Se lo planteó ya maduro, el Inocencio. En el metro, se bajó la cremallera del pantalón y se frotó en el concurrido vagón con el generoso trasero de una muchacha que olía a rocío de la mañana (en la pescadería), con una larga melena rubia y lisa donde pudo limpiar sus flujos. Y nada, lloraba esa noche en la cama, gritaba a la almohada y preguntaba adónde andaría la culpa. Recuerda todavía cuando su tía abuela Antonia, buenísima persona donde las hay, le encargó unos pepinos que tenía antojo y a sus ochenta embarazada no estaba pero quién sabe si sería su último deseo. Se los compró, pero obsesionado con la búsqueda de la culpa, trataba de atraerla como a los diablos con sus malos deseos.
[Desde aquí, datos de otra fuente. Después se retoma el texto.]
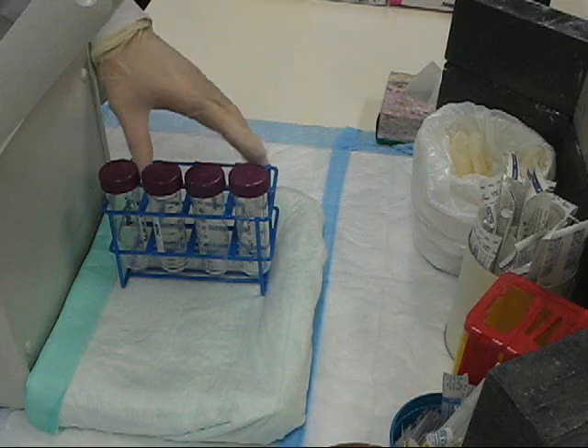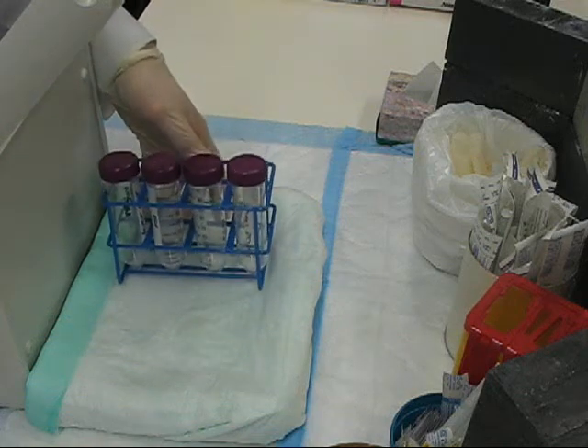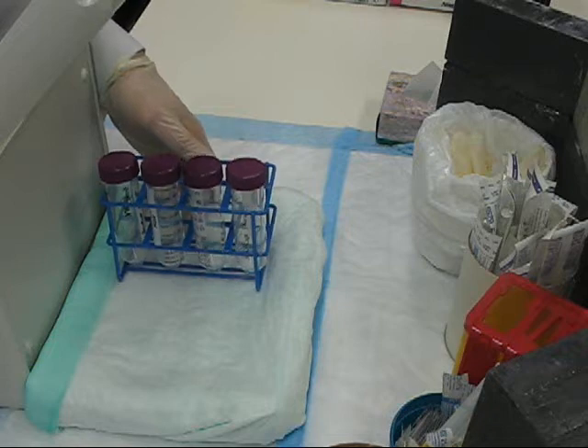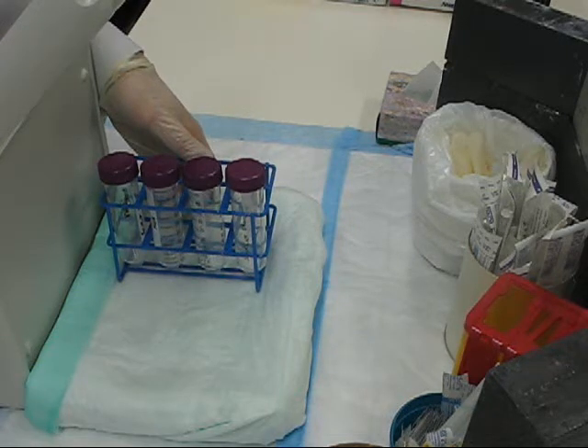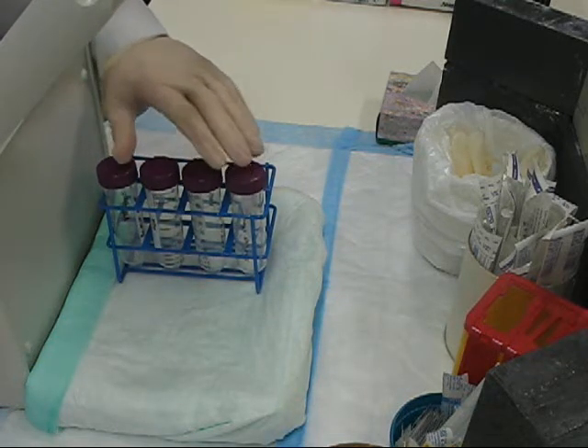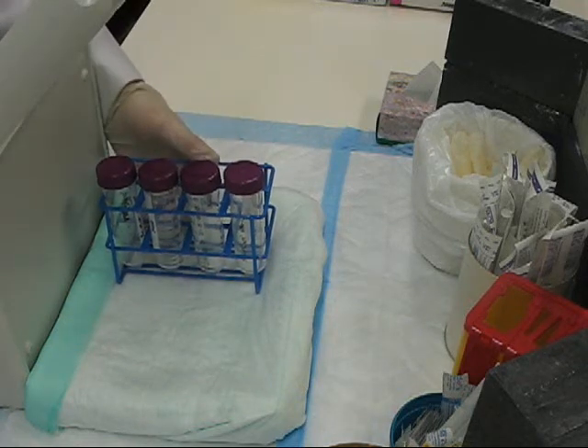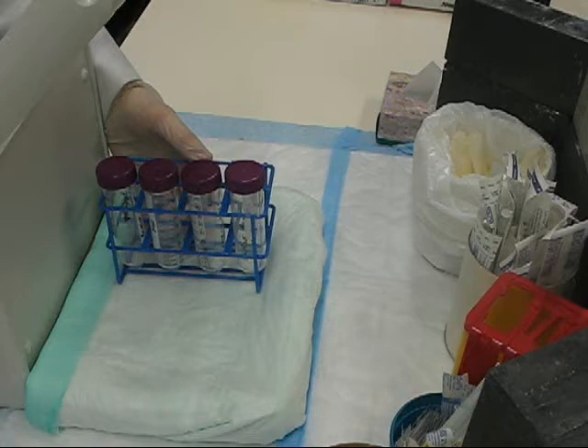When you count the tubes, be sure to count for approximately 30 seconds to ensure that at least 10,000 counts are acquired for the bound segment of the radiopharmaceutical. This gives you good statistics when you're calculating your percent labeling or percent impurity.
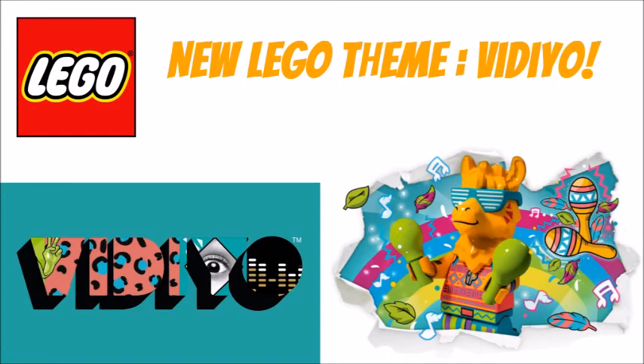Let me know what you think in the comments below. Don't forget to follow me over on Instagram at BobaFettJellyMaster. What do you think of LEGO Video, the new theme? Let me know in the comments. Like, subscribe, follow me, and as always, don't forget to keep calm and play LEGO.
Esta vez no se frotó en el metro con nadie, pero se metió varios pepinos por el culo. No sabía hasta el momento si le era grato, nunca es tarde para probar, pero no era ése su propósito. Al llegar a casa de la Antonia eyectó los pepinos y los metió en el tarro. Los dejó en la nevera y se marchó con los consecuentes agradecimientos por parte de su tía abuela de tal grato detalle. No sabemos quién debía llamarse inocente ahora, indecente sí, desde luego. Cuando Inocencio marchó a casa, no sintió culpa ni gozo, era una sensación gris, como los días tristes del inhóspito lugar de su infancia. Entonces se propuso hacer un viaje relámpago al pueblo para tratar de encontrar en aquella antigua aula la culpa que prestó a Manolito. Llegó un día gris. La escuela estaba desierta y al entrar encontró el altar de la Virgen de los Amparados con el manto turquesa perfecto. Se acercó y meó en la virgen, en aquel manto. Y el milagro de seguir la mirada de la virgen meada hacia la pared raída y el recorte de periódico ajado por los años “encontraron niño violado en la granja de Don Huberto”. Era sabido que el primo Braulio además de oligofrénico era maníaco depresivo, recordó Inocencio esas pastillas que tomaba el primo. “…vecinos linchan a Huberto por supuesto acto de violación a niño…” Un atardecer gris y las canicas con Manolito, la maestra había obligado a un acto amistoso y fraternal. Recordaba Inocencio las pastillas y las manzanas las pastillas y las manzanas y los cerdos, los cerdos las canicas Manolito el barro y a ver quién le coloca el gorro al chancho y Manolito y los chanchos los ojos de los chanchos los ojos y Manolito y los ojos rojos y bufidos y babas, obtusos. “…Niño afirma haber sido violado por catorce cerdos, uno de ellos, hembra…”.
¡Lo había olvidado! Simplemente aquella tarde que drogó a los cerdos y metió al Manolito en el corral con el miserable pretexto de un juego. Desde entonces no olvida mear cuanta virgen se le cruza, inclusive a sus sobrinas, Carla y Josefa (afirman ser vírgenes), ni de llevar flores del campo a un corral cercano.